Please state how many lines in the records below contain the word "construction"; the answer should be a number and nothing else.
Records provided START
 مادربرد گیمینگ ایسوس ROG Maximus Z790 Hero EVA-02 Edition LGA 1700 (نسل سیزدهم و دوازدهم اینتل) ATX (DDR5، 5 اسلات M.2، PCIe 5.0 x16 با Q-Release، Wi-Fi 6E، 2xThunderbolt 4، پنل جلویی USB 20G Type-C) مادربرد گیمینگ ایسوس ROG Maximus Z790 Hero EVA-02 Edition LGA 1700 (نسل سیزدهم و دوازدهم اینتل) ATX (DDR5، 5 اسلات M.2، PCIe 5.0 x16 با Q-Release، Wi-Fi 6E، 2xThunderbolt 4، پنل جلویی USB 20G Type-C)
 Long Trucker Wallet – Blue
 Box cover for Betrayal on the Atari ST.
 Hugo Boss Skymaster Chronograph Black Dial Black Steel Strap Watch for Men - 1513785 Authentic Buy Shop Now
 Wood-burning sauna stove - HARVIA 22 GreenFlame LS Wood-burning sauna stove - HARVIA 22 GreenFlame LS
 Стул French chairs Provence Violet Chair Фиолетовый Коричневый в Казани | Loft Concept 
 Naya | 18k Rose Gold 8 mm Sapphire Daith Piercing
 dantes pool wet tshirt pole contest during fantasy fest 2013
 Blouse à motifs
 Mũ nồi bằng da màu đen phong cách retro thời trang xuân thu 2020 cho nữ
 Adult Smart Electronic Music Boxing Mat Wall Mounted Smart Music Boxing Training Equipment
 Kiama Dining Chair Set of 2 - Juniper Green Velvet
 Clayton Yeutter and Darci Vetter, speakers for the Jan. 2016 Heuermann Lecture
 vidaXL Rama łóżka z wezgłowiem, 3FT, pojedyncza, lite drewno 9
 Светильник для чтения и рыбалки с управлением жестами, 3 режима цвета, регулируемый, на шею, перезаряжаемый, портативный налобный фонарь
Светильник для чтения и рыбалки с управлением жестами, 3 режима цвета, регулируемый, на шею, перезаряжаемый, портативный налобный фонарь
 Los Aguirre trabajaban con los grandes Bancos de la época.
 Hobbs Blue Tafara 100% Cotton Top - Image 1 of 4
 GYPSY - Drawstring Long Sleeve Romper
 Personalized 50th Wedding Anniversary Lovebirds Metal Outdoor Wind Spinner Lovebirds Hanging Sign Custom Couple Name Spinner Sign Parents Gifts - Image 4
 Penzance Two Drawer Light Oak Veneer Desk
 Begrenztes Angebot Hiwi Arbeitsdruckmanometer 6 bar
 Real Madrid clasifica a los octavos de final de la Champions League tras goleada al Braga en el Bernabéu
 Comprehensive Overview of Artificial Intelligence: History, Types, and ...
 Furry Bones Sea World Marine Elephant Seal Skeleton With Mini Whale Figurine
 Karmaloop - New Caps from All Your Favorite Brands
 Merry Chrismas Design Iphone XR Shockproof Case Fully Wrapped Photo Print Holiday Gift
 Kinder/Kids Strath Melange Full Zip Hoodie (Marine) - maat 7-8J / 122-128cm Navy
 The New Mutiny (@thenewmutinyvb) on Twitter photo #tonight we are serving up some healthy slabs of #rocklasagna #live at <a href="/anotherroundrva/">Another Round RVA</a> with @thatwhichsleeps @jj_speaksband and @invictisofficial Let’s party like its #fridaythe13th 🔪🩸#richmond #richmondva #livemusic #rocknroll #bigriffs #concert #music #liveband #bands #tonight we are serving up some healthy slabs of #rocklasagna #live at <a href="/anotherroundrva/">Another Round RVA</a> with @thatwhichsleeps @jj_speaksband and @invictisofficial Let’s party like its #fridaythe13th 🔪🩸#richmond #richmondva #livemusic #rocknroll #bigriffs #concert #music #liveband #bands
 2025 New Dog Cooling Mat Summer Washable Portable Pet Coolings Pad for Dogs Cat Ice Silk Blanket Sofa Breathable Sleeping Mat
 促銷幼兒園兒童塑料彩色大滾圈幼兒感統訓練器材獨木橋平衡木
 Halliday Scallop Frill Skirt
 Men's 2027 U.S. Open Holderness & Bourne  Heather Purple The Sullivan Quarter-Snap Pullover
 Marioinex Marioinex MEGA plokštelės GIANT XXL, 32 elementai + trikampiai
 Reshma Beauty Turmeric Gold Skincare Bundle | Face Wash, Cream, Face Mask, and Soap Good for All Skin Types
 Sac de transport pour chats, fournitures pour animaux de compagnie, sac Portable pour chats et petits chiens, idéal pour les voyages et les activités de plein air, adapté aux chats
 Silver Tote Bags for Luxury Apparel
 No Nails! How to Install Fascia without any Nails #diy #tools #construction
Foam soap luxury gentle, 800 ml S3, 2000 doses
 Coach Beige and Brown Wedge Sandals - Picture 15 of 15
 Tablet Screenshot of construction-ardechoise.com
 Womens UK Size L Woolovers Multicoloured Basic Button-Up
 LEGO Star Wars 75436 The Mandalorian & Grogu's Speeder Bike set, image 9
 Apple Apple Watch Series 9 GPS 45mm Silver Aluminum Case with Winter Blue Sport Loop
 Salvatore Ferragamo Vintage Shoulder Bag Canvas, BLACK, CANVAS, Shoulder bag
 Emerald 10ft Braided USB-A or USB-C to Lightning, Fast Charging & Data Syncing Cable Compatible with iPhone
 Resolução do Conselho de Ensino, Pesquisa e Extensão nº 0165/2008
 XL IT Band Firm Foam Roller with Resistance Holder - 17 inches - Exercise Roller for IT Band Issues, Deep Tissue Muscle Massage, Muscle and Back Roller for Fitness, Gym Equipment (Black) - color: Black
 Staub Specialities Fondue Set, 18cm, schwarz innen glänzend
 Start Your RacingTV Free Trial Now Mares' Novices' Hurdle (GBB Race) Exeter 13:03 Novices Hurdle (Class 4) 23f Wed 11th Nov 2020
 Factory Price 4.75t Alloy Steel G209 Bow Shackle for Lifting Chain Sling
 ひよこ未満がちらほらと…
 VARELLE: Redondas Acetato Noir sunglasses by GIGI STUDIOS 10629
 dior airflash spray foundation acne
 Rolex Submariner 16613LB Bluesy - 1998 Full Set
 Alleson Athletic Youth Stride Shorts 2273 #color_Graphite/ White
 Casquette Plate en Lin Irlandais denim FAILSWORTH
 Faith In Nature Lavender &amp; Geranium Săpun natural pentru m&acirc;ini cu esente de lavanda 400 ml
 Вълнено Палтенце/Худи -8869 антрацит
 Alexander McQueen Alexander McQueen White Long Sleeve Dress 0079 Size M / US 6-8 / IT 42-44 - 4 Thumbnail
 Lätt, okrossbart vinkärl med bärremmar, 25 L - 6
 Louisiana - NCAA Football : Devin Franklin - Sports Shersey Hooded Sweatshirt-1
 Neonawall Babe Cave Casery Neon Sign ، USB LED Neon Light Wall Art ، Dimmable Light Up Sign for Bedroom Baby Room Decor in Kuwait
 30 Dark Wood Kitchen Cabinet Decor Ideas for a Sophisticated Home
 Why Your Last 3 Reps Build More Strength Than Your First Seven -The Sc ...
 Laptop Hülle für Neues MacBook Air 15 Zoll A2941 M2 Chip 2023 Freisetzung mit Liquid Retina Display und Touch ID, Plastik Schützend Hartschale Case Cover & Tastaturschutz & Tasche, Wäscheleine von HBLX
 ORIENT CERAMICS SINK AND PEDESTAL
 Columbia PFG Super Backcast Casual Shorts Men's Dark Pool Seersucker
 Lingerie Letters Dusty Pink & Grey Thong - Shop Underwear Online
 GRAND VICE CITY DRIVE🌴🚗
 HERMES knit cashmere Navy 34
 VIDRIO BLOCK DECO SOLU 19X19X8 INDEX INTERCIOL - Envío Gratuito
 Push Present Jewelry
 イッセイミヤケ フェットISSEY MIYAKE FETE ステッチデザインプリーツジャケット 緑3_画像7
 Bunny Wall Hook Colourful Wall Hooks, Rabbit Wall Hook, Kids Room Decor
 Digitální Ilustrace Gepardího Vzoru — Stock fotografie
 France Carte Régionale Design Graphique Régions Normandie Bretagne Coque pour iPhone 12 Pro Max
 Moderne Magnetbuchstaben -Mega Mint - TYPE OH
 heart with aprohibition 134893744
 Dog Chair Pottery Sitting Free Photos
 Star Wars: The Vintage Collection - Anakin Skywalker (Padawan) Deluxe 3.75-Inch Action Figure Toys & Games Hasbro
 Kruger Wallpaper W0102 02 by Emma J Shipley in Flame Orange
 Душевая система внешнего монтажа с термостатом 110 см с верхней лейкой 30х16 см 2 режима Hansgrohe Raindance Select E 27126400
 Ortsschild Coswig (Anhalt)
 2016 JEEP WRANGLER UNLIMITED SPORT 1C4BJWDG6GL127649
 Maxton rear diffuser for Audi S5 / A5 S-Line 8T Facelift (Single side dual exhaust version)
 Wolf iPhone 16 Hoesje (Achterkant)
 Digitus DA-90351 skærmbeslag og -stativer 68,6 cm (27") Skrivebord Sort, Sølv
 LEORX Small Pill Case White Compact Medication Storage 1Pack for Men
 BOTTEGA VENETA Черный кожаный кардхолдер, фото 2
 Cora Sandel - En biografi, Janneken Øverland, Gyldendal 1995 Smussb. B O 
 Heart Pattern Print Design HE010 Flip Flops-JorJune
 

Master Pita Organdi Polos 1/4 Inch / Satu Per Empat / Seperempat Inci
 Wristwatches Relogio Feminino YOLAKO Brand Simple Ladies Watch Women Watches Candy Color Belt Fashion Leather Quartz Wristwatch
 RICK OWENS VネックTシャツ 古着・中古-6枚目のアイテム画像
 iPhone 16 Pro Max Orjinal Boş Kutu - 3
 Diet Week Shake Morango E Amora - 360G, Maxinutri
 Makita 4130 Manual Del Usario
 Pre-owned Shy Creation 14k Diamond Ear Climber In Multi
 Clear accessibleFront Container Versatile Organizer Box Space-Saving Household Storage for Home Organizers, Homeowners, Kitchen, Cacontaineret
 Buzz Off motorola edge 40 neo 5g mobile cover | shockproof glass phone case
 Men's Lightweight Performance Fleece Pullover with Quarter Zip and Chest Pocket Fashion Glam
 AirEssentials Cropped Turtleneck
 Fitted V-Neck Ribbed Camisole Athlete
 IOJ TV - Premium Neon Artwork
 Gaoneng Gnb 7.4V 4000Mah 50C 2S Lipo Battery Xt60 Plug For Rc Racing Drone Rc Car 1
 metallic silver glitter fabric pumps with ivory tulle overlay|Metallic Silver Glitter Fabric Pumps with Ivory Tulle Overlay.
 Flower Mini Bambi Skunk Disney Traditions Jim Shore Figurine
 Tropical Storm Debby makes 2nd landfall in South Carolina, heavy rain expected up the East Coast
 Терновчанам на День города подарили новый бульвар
Records provided END
▶ [Result of the exercise]:
2